RED TURTLE: Pardon me, but you’re sitting on what I consider my shell. It’s nothing against you personally. I don’t like anyone sitting on my shell like that. 

SADBOY: Whoah! I’m sorry, turtle-person. I thought you were just some oddly looking rock.

RED TURTLE: No need for apologies, I do look a bit like some oddly looking rock when I’m within myself. It’s my head, tail and legs that make one realise I’m actually a turtle, you see?

SADBOY: I see. What’s your name?

RED TURTLE: My name is RED TURTLE. What is your name?

SADBOY: SADB- … SQUIDIUS.

RED TURTLE: Your name is SADB- … SQUIDIUS?

SADBOY: No, it’s SQUIDIUS. And SADBOY, I guess, as well.

RED TURTLE: So your name is SQUIDIUS and SADBOY?

SADBOY: You could say that yes.

RED TURTLE: Well what do you say?

SADBOY: Fuck it, let’s go with SADBOY. It’s who I am here now after all.

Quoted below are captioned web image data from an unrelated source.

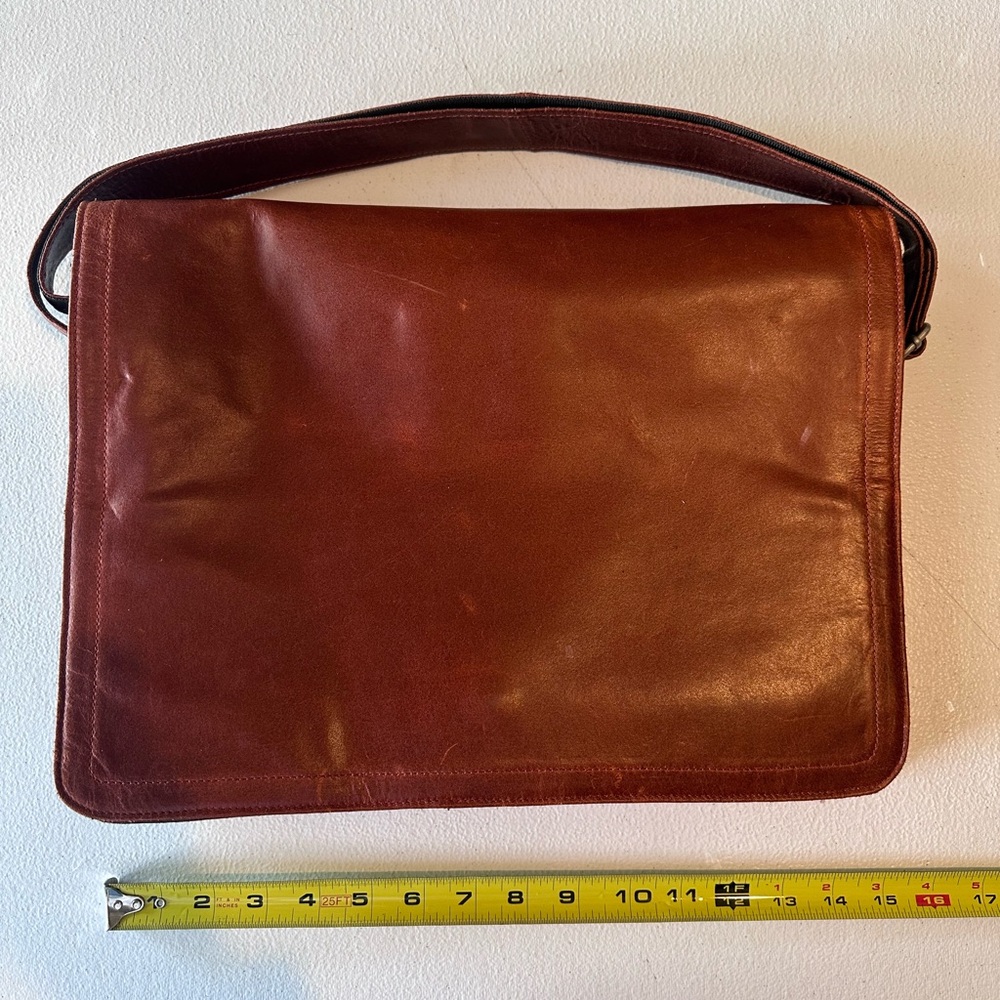 VINTAGE | 1980’s Wilsons Leather M. Julian Brown Preppy Messenger Bag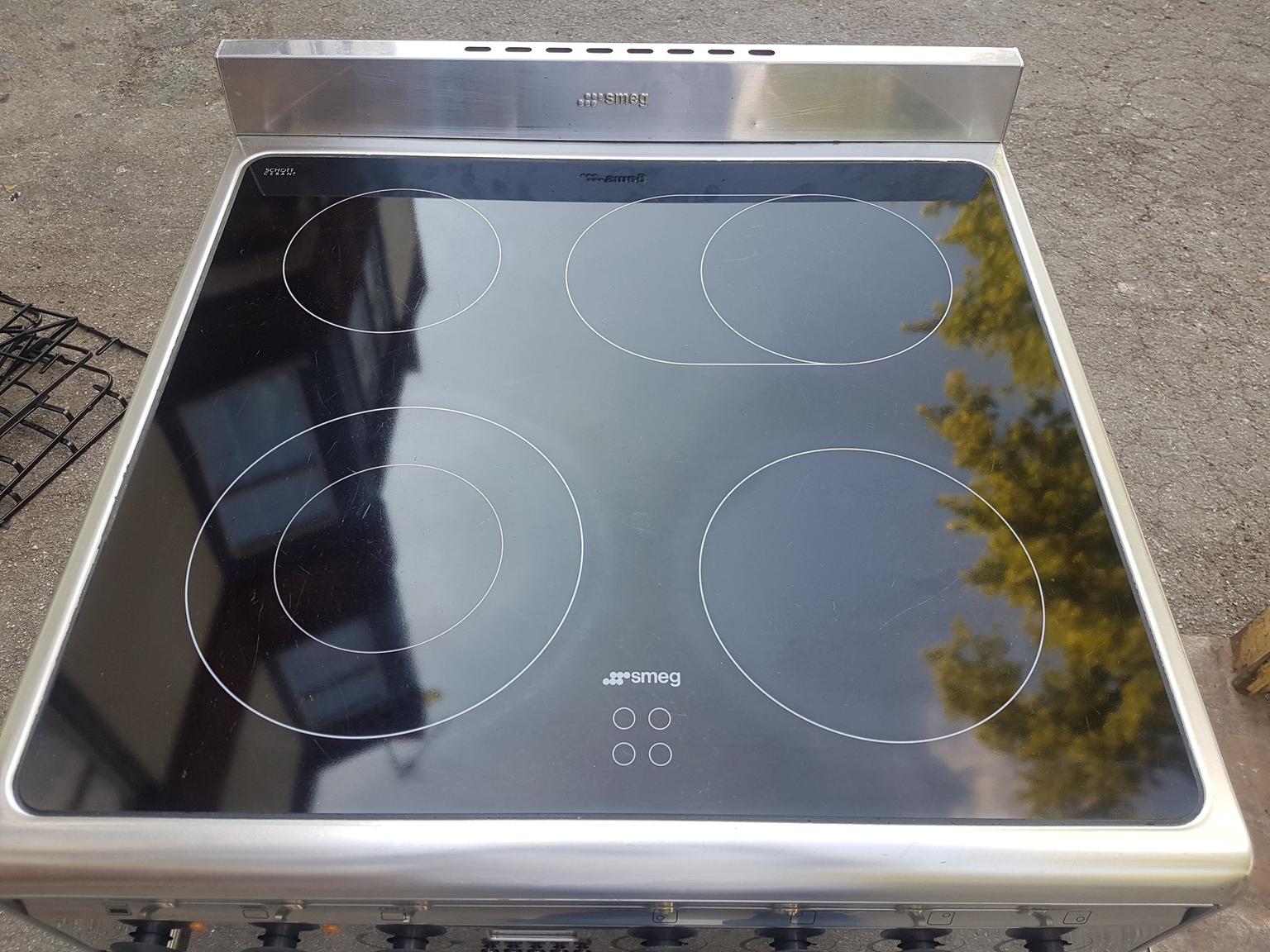 SMEG SPA 42016 60cm CERAMIC ELECTRIC COOKER ( in B27 Birmingham für £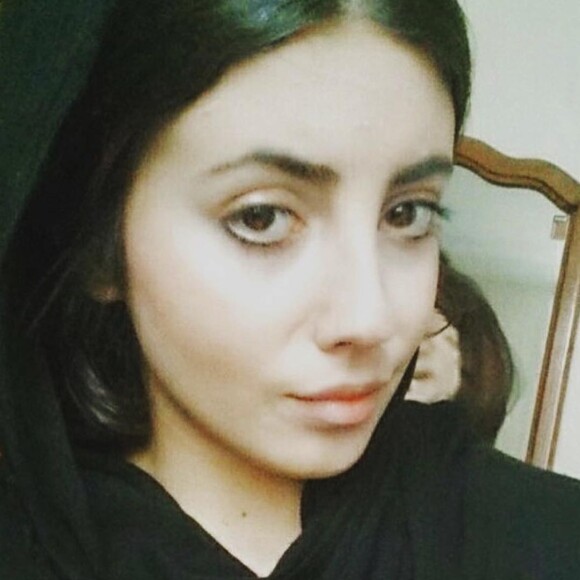 Fatemeh Kishvand alias Sahar Tabar, "sosie zombie" d'Angelina Jolie avant la chirurgie.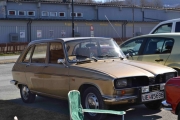 En Renault 16 står parkert, blank og fin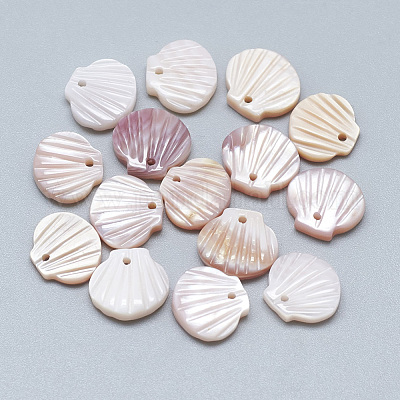 パールシェルのチャームのナチュラルホワイトシェルマザー  シェル  9.5~10.5x10~11x2~3mm  穴：1mm&nbsp;SSHEL-S260-097C-1
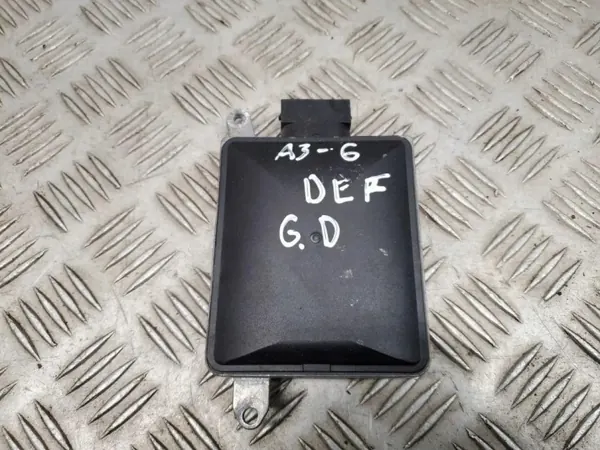 Módulo ponto cego Audi A3 S3 8V OEM 5Q0907566A image 2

RED TURTLE: Nice to meet you, SADBOY. You know, I call myself RED TURTLE because I am a red turtle. Why do you call yourself the way you do? You seem to be some kind of squid or octopus person, although I’m sorry to say I don’t really see what it is you actually are. That is O.K., not everyone has to appear in a way easy to understand. I get it. I too get misunderstood when I am within myself and people only see my shell. They think things like you did, that I’m made of stone, an oddly shaped one. Your name, does it mean you’re you sad?

SADBOY: Uhm… I mean I just some moments ago spoke to a crow who told me endlessly about how language is broken and names don’t mean anything, yada-yada fuck me and all that. If this is some fucking test I swear I’m going to lose my mind— CROWBOY? CROOOOWBOOOY? I KNOW WHAT YOU’RE UP TO!

RED TURTLE: I’m sorry. I don’t understand. Who is CROWBOY? Who are you? I don’t think I know who CROWBOY is. This is my forest and I live near the lake. I’m quite sure I’ve never seen anyone named CROWBOY, but I do see crows sometimes. So maybe… I don’t know for sure of course.

SADBOY: I… CROWBOY is something in the shape of a crow. Like, like some kind of annoying trickster-spirit that’s just terribly incompetent. A shapeshifting insanity. Something like that. Whatever. He’s the one who named me SADBOY, because I am sad and he thought it a fitting name for me, so please CROWBOY if this is one of your tricks again just get it over with and appear to me in your crowish form again and shadow my sadness, allright?

RED TURTLE: I’m sorry to hear that. Why are you sad?

SADBOY: I uuhhm… I lost a loved one recently. A fatal accident; driving on the back of a motor of someone she barely even knew. She died somewhere in Jeruzalem…

RED TURTLE: Oh… I’m really sorry about that. I know there is not much that I can do, but I can offer you a cup of tea, would you like that? I have some at my house.

SADBOY: I, ehh I guess I would love that, thank you. You don't sound like CROWBOY... Thankfully. Or, I mean, well... hopefully you're not.

RED TURTLE: I don't think so, I think I would have known such a thing. I do know tea. Tea is wonderful. Nobody ever said otherwise. Or maybe they did. I don’t really know that. Maybe I don't know that many things, but I do know that tea is good.. If someone says otherwise they are wrong! Or perhaps they only drank bad tea? Or unless they said it was even better than w o n d e r f u l! That I would understand. Tea can be bad, good or even better than amazing, wouldn't you agree? Tea is nourishing to the soul, don’t you think so too? A warm cup of tea is so embracing and cold it can be so gently refreshing!